ALIR attacks the Bigogwe military camp


AfroAmerica Network Correspondent
Gisenyi, Rwanda
12.25.99


Following a series of brazen attacks, the Armee de Liberation du Rwanda (ALIR) has striken on several military targets in Northwestern Rwanda in the last three months.

On December 23, 1999, ALIR mounted yet another bold raid, occupying the Bigogwe military camp, a very notorious military training camp in Rwanda, for hours.

Several RPA soldiers were killed by a battalion of rebels armed with automatic and heavy weapons according to government soldiers, who were sent in for reinforcement.

The military barracks were ransacked and several houses were burned to the ground by ALIR soldiers before they withdrew. A large quantity of ammunitions and light and heavy weapons were looted. Several trucks were burnt.

In the previous months, similar raids were successfully conducted on the Mukamira military camps, situated at about 10 miles from the Bigogwe camp. According to independent sources, ALIR freed several prisoners, and killed more than 100 government soldiers. A significant military equipment, including weapons, ammunitions, and hand-held rocket launchers were looted.

Local military commanders and political leaders admit that the latest raids are consistently well coordinated, swift, and successful. The military officials have minimized the extent of these attacks. In a briefing to the press after the Bigogwe attack, these officials have only stated that the "Hutu rebels have killed some thirty civilians during an attack on a government resettlement camp housing hundreds of ethnic Tutsi civilians".

"This is propaganda. We never attacked civilians. You yourself can go and verify. The truth is that we attacked the Bigogwe military camp, killed around 200 Rwandan Patriotic Army Soldiers, and seized a large quantity of weapons", says an ALIR commander showing off several brand new AK-47, grenades, uniforms, and several rounds of ammunitions looted from the camp.

These raids constitute a blow to the government's attempts to quell the insurgency, especially as it came back in the heart of the country, while the front line of the Rwandan invasion of the Democratic Republic of the Congo is thousands of miles away, suggesting that ALIR rebels feel confident enough to move around at will. Meanwhile, Rwandans including Hutu and influential Tutsis are fleeing the country in large numbers for Europe, America and other countries in Africa.

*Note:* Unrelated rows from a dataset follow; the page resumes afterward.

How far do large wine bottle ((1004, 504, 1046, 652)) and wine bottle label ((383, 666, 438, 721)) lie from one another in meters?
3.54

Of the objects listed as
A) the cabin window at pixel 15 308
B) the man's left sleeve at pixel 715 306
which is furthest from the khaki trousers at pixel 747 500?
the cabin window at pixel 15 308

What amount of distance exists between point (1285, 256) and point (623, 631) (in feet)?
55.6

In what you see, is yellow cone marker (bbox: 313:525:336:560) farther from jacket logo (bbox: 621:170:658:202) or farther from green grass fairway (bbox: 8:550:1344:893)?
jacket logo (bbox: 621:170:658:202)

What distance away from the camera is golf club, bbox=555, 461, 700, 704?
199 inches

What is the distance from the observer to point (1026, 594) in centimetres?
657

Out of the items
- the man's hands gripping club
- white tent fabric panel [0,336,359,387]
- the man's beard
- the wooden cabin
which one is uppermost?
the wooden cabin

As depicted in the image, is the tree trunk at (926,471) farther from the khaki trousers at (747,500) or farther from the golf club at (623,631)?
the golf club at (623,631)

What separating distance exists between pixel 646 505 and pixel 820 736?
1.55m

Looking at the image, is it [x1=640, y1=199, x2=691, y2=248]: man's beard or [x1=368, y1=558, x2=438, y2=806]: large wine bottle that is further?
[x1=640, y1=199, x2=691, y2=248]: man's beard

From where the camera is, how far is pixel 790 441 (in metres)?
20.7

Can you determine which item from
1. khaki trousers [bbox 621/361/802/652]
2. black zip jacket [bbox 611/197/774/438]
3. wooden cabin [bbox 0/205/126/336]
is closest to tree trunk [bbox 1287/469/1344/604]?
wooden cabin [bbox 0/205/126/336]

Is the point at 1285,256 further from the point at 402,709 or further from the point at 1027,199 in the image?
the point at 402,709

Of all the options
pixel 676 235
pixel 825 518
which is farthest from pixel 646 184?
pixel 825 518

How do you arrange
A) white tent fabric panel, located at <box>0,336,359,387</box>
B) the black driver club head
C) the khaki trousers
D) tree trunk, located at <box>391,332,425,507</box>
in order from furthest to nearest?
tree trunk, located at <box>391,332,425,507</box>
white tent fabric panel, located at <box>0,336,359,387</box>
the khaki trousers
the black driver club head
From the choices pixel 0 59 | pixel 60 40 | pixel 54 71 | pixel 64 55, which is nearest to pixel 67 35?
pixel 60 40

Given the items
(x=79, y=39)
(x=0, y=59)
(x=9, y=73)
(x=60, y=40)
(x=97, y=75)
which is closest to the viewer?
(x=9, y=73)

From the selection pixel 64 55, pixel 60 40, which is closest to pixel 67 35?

Hutu leaders who do not flee the country are uncertain about their future. More than 150,000 Hutu mostly elite, business people, clergy, and social leaders have been kept in jail for more than five years without trial.

These Rwandan prisons have arguably become the most crowded, most dangerous, and most inhumane prisons in the World. Hundreds of thousands of people are held in truck containers, disused factories, old bathrooms, wet or leaking dungeons, or anywhere things can be confined. Crowded cells serve as toilets, sleeping, and living rooms. Prisoners are regularly tortured. Thousands have lost limbs, developed skin diseases, or caught recurrent or terminal illnesses.